Jakarta, IDN Times - Kementerian Pemberdayaan Perempuan dan Perlindungan Anak (KemenPPPA) menyesalkan identitas anak yang berhadapan dengan hukum (ABH) tersebar. Hal ini berkenaan dengan kasus anak berusia 15 tahun di Magelang, Jawa Tengah yang diduga mencuri motor.

Identitas anak tersebut dipublikasikan hingga fotonya tersebar dan menjadi perbincangan di jagat maya.

Deputi Perlindungan Khusus Anak KemenPPPA, Nahar mengingatkan semua pihak untuk tidak menyebarkan maupun mempublikasikan identitas ABH. Selain itu, dia mengingatkan publik juga harus mematuhi asas praduga tak bersalah,.

“Kami sangat menyayangkan tersebarnya foto dan identitas ABH di media sosial yang dapat menimbulkan ketidaknyamanan bagi pihak yang terlibat, khususnya bagi ABH itu sendiri,” ujar Nahar dalam keterangannya, dilansir Sabtu (15/4/2023).
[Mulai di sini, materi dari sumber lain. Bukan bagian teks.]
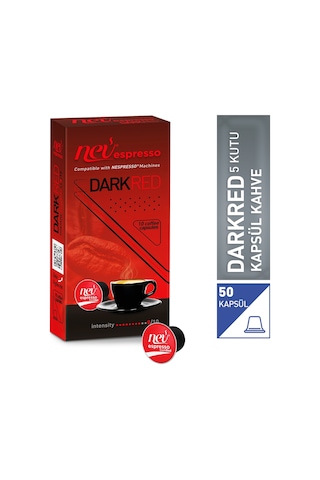 Nev Kahve DarkRed Kapsül Kahve 5x10 5 Kutu Nespresso Uyumlu 50 Kapsül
1. Identitas anak berhadapan dengan hukum wajib diharasiakan di pemberitaan

ilustrasi jurnalis (IDN Times/Aditya Pratama)
ilustrasi jurnalis (IDN Times/Aditya Pratama)

Nahar mengimbau semua pihak agar menahan diri untuk tidak mempublikasikan identitas ABH. Sebab, ABH memiliki hak identitasnya tidak dipublikasikan.

Hal itu tercantum dalam Pasal 19 Undang-Undang Nomor 11 Tahun 2012 tentang Sistem Peradilan Pidana Anak (UU SPPA) yang menegaskan bahwa identitas anak, anak korban, dan atau anak saksi wajib dirahasiakan dalam pemberitaan di media cetak ataupun elektronik.

2. Publik perlu hargai harkat dan martabat anak berhadapan dengan hukum

Ilustrasi anak-anak (IDN Times/Besse Fadhilah)
Ilustrasi anak-anak (IDN Times/Besse Fadhilah)

Adapun pasal 19 UU SPPA menjelaskan bahwa siapa pun wajib melindungi identitas anak, yang meliputi nama anak, nama anak korban atau anak saksi, nama orang tua, alamat, wajah, dan hal lain yang dapat mengungkapkan jati diri anak, anak korban, dan atau atau anak saksi.

“Kami mengimbau dan mengingatkan semua pihak untuk menghargai harkat dan martabat ABH, tidak memberikan stigma dan label tertentu kepada anak dengan tidak menyebarkan dan mempublikasikan video dan foto yang memperlihatkan wajah, nama, dan identitas lain ABH dengan jelas,” kata Nahar.

3. Pemberian stigma bisa ancam masa depan anak

Ilustrasi anak-anak (IDN Times/Lia Hutasoit)
Ilustrasi anak-anak (IDN Times/Lia Hutasoit)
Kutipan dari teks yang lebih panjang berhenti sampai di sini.